▶ Collected data entries
* * * *
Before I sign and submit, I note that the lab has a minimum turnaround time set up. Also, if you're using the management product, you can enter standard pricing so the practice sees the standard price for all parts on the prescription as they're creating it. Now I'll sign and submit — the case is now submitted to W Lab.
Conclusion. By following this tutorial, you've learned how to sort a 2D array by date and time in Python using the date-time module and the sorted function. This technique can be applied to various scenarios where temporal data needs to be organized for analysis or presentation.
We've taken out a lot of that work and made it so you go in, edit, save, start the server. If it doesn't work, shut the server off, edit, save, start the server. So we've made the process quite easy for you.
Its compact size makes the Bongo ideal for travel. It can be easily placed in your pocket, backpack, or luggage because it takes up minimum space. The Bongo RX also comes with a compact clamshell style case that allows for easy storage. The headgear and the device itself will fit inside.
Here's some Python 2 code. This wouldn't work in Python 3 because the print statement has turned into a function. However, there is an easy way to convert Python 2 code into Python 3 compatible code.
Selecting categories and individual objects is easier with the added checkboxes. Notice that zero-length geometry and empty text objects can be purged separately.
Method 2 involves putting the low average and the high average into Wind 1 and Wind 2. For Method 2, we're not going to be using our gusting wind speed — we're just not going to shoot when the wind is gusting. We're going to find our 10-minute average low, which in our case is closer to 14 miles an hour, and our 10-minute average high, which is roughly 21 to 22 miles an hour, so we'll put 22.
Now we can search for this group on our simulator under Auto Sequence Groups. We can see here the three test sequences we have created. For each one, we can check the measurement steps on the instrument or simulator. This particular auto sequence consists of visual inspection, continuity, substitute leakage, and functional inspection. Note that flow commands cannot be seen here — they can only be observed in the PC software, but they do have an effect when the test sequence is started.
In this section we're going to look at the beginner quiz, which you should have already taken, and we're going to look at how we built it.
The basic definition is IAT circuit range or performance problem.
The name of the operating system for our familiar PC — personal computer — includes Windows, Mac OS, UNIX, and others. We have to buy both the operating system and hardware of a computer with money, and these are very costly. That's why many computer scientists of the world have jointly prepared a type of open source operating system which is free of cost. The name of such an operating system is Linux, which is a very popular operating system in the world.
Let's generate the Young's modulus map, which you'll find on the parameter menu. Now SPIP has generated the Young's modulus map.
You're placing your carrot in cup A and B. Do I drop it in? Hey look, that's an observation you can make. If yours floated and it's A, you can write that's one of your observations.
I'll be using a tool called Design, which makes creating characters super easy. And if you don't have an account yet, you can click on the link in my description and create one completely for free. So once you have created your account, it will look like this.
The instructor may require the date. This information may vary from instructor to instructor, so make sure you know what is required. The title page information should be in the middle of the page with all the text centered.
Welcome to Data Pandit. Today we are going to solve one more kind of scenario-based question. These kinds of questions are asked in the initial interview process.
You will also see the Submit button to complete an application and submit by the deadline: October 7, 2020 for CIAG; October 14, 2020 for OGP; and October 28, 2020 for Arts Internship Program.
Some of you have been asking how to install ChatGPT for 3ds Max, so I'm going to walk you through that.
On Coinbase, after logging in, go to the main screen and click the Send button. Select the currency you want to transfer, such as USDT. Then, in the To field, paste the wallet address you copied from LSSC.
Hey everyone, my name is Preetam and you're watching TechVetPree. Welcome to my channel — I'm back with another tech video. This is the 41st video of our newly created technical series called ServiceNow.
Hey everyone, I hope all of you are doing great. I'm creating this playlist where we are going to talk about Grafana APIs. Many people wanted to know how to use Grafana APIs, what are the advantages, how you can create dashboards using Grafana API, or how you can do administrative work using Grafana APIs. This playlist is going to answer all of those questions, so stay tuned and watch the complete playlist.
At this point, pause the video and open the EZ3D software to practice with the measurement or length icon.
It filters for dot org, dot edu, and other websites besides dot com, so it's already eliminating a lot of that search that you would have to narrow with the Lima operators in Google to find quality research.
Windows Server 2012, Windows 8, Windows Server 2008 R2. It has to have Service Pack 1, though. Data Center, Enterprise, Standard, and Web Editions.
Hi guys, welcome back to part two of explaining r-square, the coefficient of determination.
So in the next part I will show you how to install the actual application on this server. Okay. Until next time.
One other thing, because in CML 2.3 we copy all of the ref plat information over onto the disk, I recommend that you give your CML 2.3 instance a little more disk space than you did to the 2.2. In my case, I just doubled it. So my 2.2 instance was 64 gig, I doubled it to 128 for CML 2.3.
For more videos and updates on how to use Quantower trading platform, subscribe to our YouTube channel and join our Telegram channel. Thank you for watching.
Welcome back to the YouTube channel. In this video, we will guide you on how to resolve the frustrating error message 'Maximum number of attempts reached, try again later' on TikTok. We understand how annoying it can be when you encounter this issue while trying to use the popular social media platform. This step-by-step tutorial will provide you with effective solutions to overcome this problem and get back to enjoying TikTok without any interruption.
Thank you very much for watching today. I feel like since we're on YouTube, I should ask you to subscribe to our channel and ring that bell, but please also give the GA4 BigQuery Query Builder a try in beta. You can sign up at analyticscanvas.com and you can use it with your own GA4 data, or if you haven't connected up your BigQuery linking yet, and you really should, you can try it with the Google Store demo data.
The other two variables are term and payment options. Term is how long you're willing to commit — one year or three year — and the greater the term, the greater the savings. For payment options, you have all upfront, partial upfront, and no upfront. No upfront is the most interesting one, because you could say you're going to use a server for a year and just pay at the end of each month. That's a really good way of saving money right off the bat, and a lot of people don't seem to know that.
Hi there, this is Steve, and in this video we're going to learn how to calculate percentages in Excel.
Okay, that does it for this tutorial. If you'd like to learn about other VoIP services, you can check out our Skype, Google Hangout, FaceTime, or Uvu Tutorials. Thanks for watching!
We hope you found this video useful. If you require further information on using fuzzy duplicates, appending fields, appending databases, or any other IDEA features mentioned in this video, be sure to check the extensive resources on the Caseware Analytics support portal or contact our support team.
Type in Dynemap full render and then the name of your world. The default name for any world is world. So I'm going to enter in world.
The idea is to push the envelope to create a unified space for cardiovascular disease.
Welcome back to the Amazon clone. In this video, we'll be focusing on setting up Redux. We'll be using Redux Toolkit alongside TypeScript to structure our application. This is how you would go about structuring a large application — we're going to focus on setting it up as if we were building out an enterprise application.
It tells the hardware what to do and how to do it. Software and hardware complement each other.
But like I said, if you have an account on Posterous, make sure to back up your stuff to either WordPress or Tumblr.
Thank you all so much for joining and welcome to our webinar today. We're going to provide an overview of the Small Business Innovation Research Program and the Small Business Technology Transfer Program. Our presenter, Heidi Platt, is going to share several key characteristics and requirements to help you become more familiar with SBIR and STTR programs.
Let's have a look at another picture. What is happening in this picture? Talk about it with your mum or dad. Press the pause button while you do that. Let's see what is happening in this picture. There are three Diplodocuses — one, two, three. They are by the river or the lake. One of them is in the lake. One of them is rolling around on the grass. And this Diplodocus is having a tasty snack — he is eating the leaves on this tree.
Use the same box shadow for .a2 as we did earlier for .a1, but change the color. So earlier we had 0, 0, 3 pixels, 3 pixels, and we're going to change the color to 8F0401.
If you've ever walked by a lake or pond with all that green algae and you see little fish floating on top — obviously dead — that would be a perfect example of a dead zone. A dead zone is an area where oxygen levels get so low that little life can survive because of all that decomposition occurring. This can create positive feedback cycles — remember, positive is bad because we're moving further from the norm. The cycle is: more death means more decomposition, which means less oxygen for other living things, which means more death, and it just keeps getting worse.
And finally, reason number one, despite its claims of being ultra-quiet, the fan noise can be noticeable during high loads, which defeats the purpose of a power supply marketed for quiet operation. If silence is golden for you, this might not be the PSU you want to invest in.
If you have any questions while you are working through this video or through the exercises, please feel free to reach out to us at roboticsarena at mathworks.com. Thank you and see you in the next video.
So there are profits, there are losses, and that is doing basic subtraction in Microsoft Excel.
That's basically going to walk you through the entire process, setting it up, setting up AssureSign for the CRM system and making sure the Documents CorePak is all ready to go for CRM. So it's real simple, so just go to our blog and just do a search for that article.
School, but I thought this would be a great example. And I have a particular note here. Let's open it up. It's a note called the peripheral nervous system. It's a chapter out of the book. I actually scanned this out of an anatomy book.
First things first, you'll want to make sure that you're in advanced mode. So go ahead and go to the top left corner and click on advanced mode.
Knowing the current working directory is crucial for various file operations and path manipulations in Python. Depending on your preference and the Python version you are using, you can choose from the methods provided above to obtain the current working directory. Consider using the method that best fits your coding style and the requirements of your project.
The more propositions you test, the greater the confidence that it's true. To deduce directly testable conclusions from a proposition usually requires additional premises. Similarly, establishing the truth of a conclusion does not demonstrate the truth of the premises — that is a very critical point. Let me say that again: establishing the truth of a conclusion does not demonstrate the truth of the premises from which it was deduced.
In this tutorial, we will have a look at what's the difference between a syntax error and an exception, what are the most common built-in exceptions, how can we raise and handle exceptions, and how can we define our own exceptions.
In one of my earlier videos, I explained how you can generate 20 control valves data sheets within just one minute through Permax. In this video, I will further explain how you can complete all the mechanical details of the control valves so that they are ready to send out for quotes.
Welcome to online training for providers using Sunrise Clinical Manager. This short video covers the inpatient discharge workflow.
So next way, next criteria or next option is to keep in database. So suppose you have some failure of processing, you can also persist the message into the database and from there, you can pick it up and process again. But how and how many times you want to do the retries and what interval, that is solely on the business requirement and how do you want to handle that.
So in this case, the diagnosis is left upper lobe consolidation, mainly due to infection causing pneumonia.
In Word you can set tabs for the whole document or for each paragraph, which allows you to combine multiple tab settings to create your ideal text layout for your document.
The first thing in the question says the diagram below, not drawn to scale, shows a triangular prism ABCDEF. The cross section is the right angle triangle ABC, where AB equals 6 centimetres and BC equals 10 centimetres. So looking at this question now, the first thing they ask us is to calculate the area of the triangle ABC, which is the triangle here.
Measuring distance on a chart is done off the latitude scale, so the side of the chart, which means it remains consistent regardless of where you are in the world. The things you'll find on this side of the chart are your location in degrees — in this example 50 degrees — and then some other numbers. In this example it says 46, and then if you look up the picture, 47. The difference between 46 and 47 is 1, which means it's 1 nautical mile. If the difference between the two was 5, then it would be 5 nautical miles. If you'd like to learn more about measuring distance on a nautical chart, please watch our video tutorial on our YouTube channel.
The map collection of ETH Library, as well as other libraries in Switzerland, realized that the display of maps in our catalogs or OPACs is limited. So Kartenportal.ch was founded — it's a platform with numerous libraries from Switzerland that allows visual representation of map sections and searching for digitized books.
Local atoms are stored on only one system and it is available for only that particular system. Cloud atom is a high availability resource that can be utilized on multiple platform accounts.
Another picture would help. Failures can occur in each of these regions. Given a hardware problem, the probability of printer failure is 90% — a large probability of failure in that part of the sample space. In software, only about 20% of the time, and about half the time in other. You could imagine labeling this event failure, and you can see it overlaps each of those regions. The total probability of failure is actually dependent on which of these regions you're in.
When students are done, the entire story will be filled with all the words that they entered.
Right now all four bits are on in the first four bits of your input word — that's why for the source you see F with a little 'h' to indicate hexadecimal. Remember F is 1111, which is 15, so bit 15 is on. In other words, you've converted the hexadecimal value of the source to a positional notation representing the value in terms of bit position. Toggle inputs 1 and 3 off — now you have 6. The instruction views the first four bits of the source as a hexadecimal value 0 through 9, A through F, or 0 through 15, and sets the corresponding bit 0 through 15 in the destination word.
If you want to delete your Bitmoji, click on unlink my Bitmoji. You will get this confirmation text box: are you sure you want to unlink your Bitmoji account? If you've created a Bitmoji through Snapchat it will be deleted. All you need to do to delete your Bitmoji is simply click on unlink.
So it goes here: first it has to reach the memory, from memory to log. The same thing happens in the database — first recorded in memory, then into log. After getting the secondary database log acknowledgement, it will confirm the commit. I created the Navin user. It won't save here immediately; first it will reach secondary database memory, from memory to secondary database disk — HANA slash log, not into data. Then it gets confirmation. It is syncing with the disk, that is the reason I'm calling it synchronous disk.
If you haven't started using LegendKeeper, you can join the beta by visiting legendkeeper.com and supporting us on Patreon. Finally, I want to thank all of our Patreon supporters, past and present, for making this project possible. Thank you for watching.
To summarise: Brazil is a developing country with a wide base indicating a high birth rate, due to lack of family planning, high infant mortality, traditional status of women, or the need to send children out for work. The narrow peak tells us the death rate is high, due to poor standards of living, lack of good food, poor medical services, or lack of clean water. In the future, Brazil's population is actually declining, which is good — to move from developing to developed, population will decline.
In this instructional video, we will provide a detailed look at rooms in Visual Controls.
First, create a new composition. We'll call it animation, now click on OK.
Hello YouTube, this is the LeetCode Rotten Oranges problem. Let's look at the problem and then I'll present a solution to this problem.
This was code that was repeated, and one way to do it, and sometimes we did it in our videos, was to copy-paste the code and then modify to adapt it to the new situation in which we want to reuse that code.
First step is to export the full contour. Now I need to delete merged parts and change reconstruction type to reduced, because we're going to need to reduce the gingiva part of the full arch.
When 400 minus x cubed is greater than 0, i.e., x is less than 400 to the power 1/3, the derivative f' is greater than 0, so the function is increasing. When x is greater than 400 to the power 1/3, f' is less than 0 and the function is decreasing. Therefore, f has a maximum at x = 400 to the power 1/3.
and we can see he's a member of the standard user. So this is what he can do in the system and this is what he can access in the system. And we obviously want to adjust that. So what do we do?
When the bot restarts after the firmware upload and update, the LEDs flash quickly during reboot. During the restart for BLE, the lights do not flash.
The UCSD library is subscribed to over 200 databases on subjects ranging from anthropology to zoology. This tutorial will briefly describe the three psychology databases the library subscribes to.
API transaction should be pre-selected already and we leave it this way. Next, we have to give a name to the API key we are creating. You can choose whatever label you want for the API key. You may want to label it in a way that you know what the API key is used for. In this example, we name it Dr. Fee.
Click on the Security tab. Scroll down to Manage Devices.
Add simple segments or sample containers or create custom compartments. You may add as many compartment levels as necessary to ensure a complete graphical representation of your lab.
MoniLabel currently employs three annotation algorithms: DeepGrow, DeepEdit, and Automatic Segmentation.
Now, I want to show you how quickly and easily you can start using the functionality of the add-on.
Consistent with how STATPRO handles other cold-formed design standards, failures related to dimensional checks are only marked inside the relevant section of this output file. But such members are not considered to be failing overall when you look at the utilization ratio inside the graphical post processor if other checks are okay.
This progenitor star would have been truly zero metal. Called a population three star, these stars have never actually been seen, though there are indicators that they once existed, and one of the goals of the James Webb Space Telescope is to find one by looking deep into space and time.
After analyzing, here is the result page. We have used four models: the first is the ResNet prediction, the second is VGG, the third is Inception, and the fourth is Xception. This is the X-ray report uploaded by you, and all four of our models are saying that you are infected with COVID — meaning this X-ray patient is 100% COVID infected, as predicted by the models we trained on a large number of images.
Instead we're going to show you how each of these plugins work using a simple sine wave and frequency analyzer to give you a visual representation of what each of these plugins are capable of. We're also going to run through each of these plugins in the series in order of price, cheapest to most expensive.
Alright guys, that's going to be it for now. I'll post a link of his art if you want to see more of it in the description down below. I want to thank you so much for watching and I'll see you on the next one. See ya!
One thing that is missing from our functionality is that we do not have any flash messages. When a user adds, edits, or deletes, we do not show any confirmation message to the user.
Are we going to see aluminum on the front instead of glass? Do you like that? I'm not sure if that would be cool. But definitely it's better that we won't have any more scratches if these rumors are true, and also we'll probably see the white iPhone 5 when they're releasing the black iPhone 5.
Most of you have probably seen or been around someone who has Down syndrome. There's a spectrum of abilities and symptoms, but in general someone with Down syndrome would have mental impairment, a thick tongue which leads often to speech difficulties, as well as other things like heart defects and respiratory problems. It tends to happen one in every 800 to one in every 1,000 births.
* * * *
Copy, exactly and only, the lines above that begin with the one containing "Its compact size" and finish with the one containing "Here's some Python".

▶ EXPECTED ANSWER
Its compact size makes the Bongo ideal for travel. It can be easily placed in your pocket, backpack, or luggage because it takes up minimum space. The Bongo RX also comes with a compact clamshell style case that allows for easy storage. The headgear and the device itself will fit inside.
Here's some Python 2 code. This wouldn't work in Python 3 because the print statement has turned into a function. However, there is an easy way to convert Python 2 code into Python 3 compatible code.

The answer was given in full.